╭──
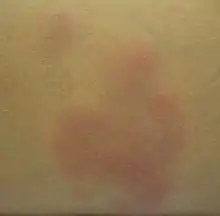 A single lesion of erythema nodosum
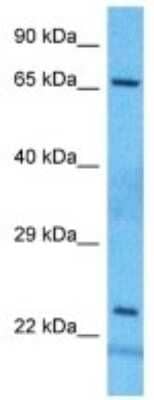 Western Blot: BCMO1 Antibody [NBP3-10784] - Western blot analysis of BCMO1 in 721_B Whole Cell lysates. Antibody dilution at 1.0ug/ml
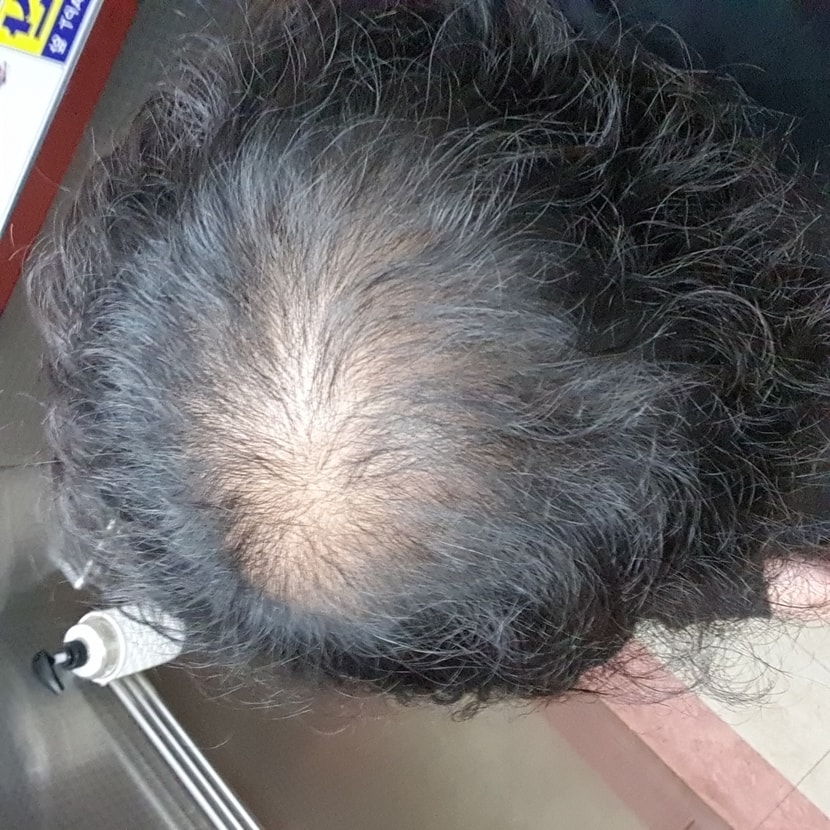 수술 전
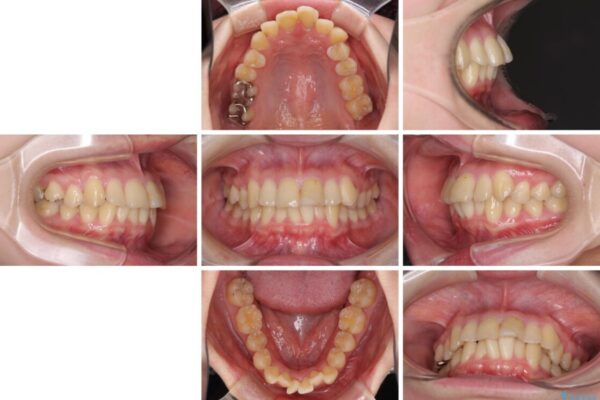 上下前歯のデコボコをきれいに　インビザラインによる矯正治療 治療前画像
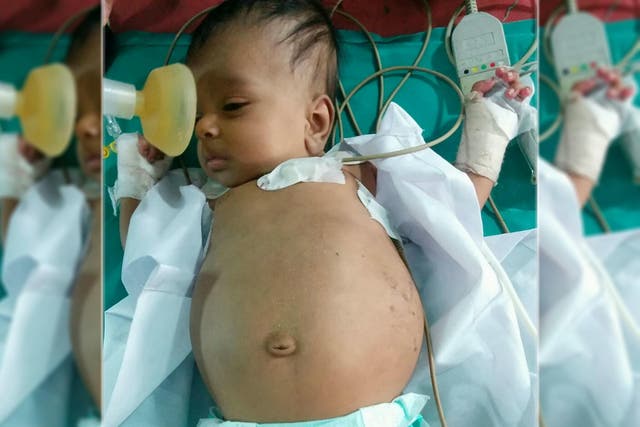 Parents of a three-month-old baby previously diagnosed with "a kidney tumour" were shocked when the doctors told them that there was a foetus of the toddler's twin inside his stomach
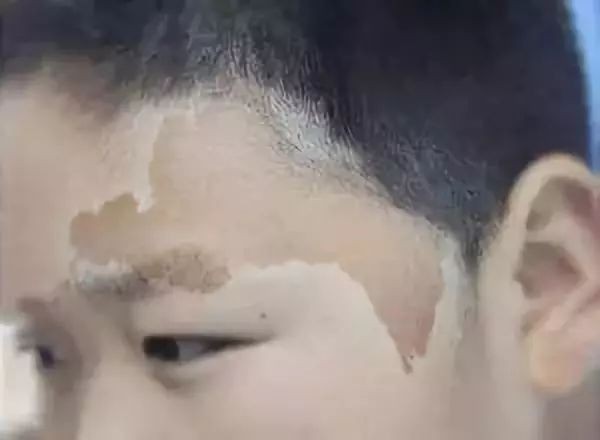 胎记是怎么来的？产科医生：孕期避开这3种行为，以免伤害到胎儿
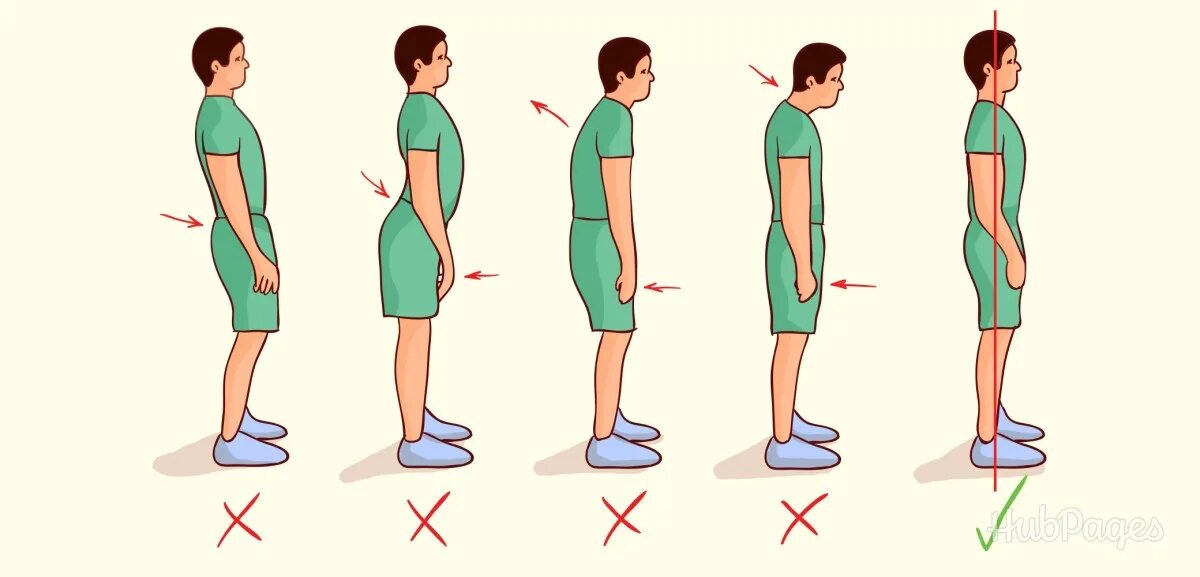 Почему не растешь в высоту. Осанка. Правильная осанка. Правильная и неправильная осанка. Правильная походка.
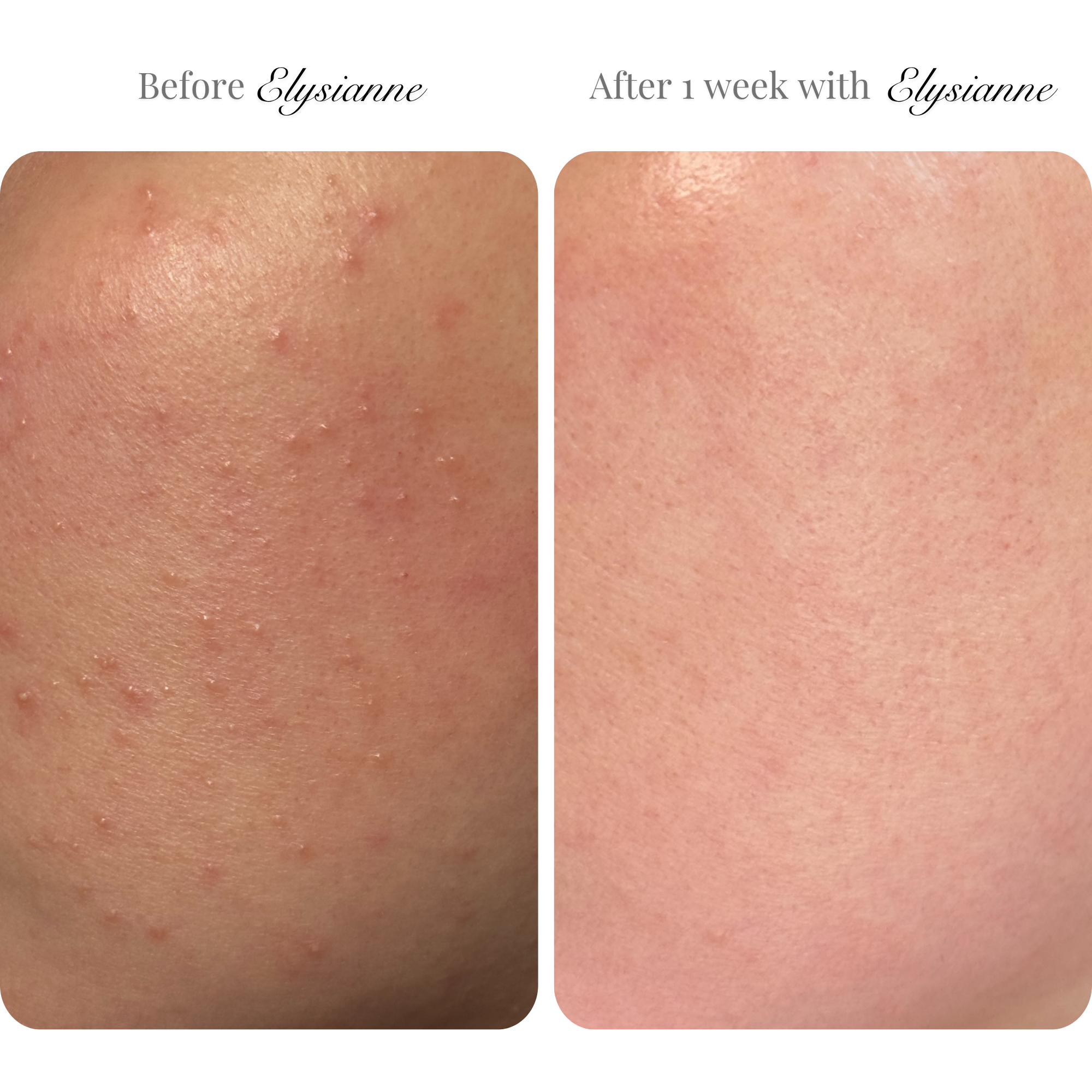 Lumière Visage™ LED Sculpting Mask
╰──
### Task prompt
Only the lines from the start of the material to the line with "胎记是怎么来的？产科医生：孕期避开这3种行为，以免伤害到胎儿", inclusive, belong in the answer, printed exactly and free of pictures.

### Final answer
 A single lesion of erythema nodosum
 Western Blot: BCMO1 Antibody [NBP3-10784] - Western blot analysis of BCMO1 in 721_B Whole Cell lysates. Antibody dilution at 1.0ug/ml
 수술 전
 上下前歯のデコボコをきれいに　インビザラインによる矯正治療 治療前画像
 Parents of a three-month-old baby previously diagnosed with "a kidney tumour" were shocked when the doctors told them that there was a foetus of the toddler's twin inside his stomach
 胎记是怎么来的？产科医生：孕期避开这3种行为，以免伤害到胎儿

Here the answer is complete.